Stone Pier in Beaver Dam

On an exploring trip over the foot hills of Dunwood Mountain, Bige and I came upon a very unusual beaver dam on Little Bear Brook. The brook at this point flowed through a deep ravine. The dam built across the valley measured in length at its top two hundred and ten feet. It was fifteen feet from the bottom of brook to top of dam, and we estimated the width at its base at forty feet. Water was flowing over a spillway three feet wide at one end of the dam. The upper and lower sides of the dam sloped away steeply like the roof of a house, and along the ridge was a row of stones, each about the size of a man's head. We walked across the dam on these stones without wetting our feet, and we wondered how the beavers got them into position. It did not seem possible that such small animals could lift and carry these heavy stones to where they were placed. It was impossible for a human to roll them up over the lower and outer face of the dam, which was a network of interwoven and criss-crossed saplings, sticks and brush. The only other method which appeared to us possible was for the stones to be rolled or pushed up the upper and inner slope of the dam under water to the top. The inner face of the dam was of course plastered over with mud and was relatively smooth.

Beaver Dam Fifteen Feet High

We cooked our eggs, bacon and tea on the bank at one end of the dam. After we had eaten and drunken and while I was engaged in taking some photographs, we were agreeably surprised to see our old friend, the bald headed Chief Engineer, swimming down the pond toward us. As a signal that we were recognized, he saluted by humping his back, lifting his broad tail and striking the water a resounding slap, thus throwing a fountain of spray high into the air. His presence signified to us that this marvelous piece of engineering was the product of his skill in plan and execution.

We were able to go in a boat past the beaver house on our pond, about a mile up the river. At the head of navigation was a big flat rock, over which the water flowed, making a fall about one foot high, and above this fall were rapids. An old and much used trail started at this flat rock and led up the river; a branch also took one to Wolf Pond and another branch led to Dunwood Mountain. We often used this trail, as also did other visitors at the pond. And doubtless, so did the Indians many years ago.

A pair of young beavers, both of them probably relatives of the Chief Engineer, built a dam across the river on this flat rock. The dam was about two feet high, backing the water up the rapids thirty yards and making a fall of water over the dam three feet high. Above this dam the beavers started building a house, but before the house was completed, high water following three days of rain washed away the dam. The beavers at once rebuilt the dam in the same spot, but within a month the dam had been the second time washed away. The high water of the following spring carried the dam, rebuilt in the fall, off of the flat rock for the third time.

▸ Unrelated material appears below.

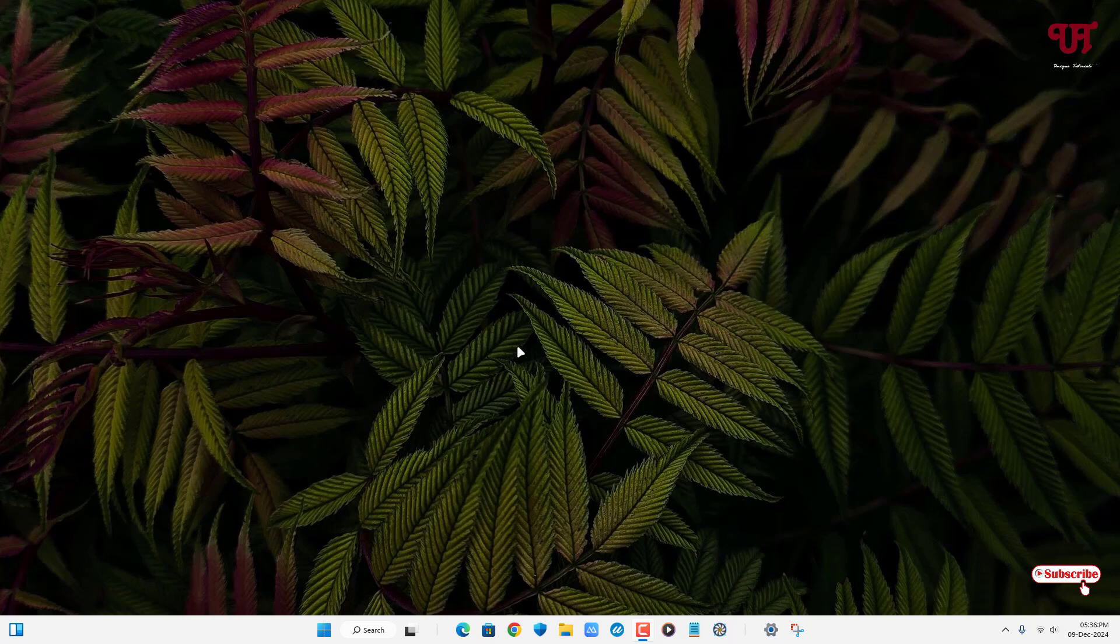So without more delay, let's begin. Say I want to pick a color from this desktop wallpaper. You can take any image or photo file as an example.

On the smooth flat surface of this rock there was no suitable anchorage for a dam, and the unusual pressure of high and swift flowing water pushed it down stream and scattered the materials of which it was built.

It was a bad dam-site! and this is doubtless what the Chief Engineer told the youngsters; for it was at this period that the Chief took a hand in the game.

The house that had been built above the flat rock was abandoned and was never again occupied.